Hey,
I know this is all made up, but when setting a fixed amount of volume for a movement pattern (push, pull, squat, hinge), would you sooner increase the volume of a lift if it wasn’t improving or simply change the formulation?
For example, let’s say I was hinging 3x/week: DL, RDL, Trap bar DL, 5 sets each, 4-8 reps, 6-8 RPE. If RDL & DL were increasing but the trap bar was stagnant, what could be the list of reasons why this is the case?
Also, since there’s a range of intensities that work for hypertrophy, if I wanted to use the same exercises above purely for ‘hinge muscle’ growth, but didn’t care about increasing specific strength in any of them so changed the formulation to 5 sets, 4-30 reps, 6-8 RPE, would it matter that some of the lifts aren’t moving up as long as I’m doing the work?

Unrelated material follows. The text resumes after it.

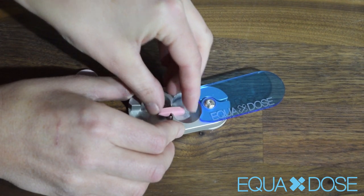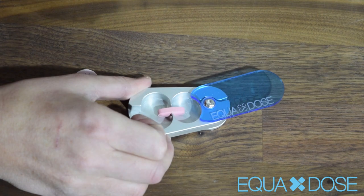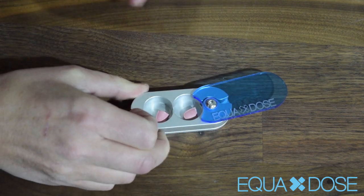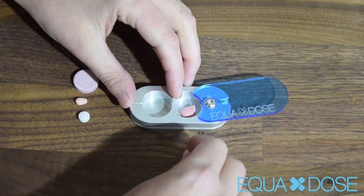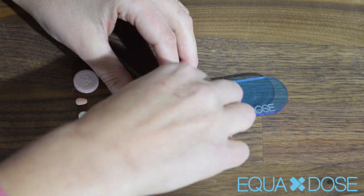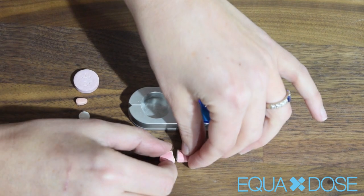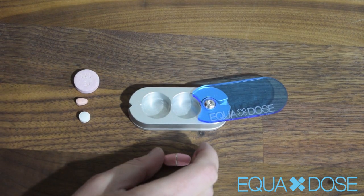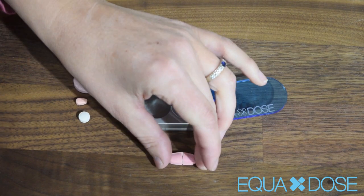Now the next step is I could close this lid now. I just like to cover it with my hands, and there you go. I'm going to show you with each of these pills how the halves turned out. Pretty good halves there. So that's the first pill.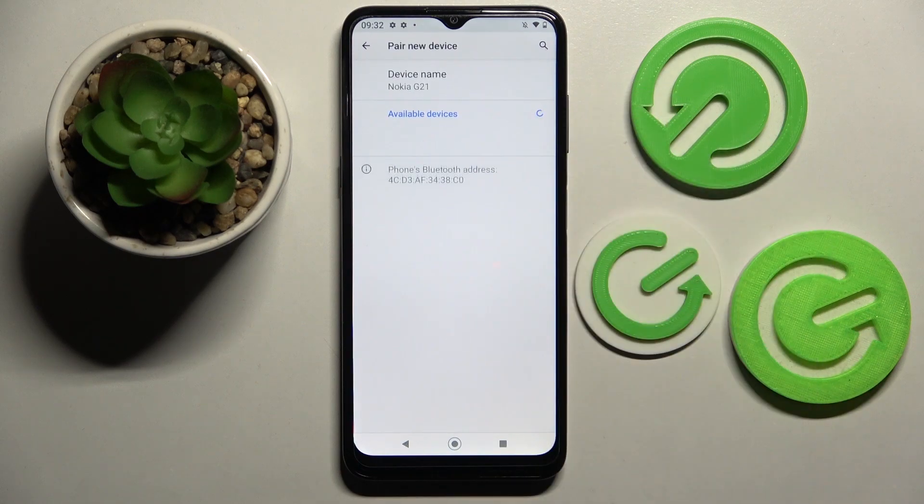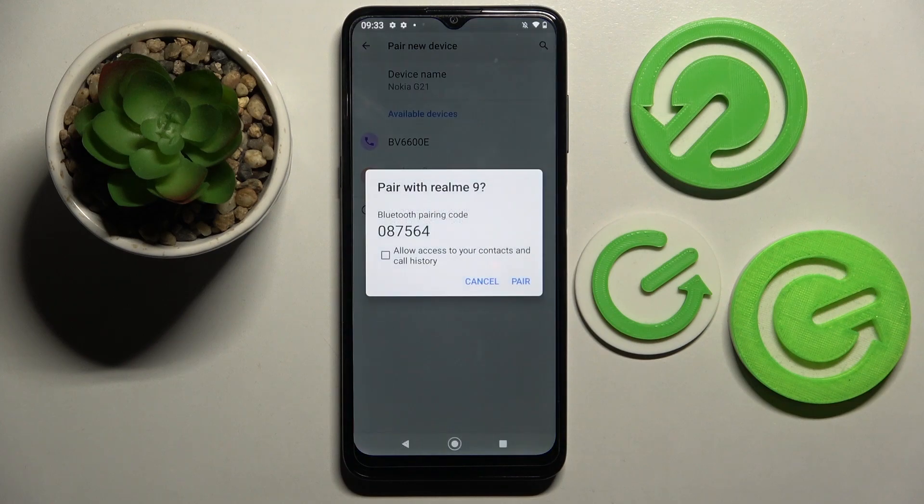Now you need to pair a new device and wait for available ones to show up. When they do, click on the chosen one. Wait for the pop-up and select Pair in order to connect.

Hope you had a good time in Paris!
Kweng
Hey Kweng,
There’s some more information needed to troubleshoot, e.g. how long has something been stagnant (>3-4 weeks may be a problem), how someone is choosing the load, the spot in the training day (if it’s last, it may not be something to worry about), and how the rest of the training is going? In your case, I suspect trap bar DL are the end of a training day, maybe done without a typical warm up, and/or a technique issue. These could all be contributory. If trap bar DL performance is very important, I’d want more exposure than 1x/wk and I’d want to do it fresh. If it’s not, perhaps the trap bar training is transferring well to other lifts without too much fatigue, and we shouldn’t rock the boat…
I don’t think that adding weights or reps, e.g. strength improvement, is tied well enough to hypertrophy to use it as a metric for training efficacy to a program. I don’t think that training setup would be my preference, but understand it was mostly as a thought experiment.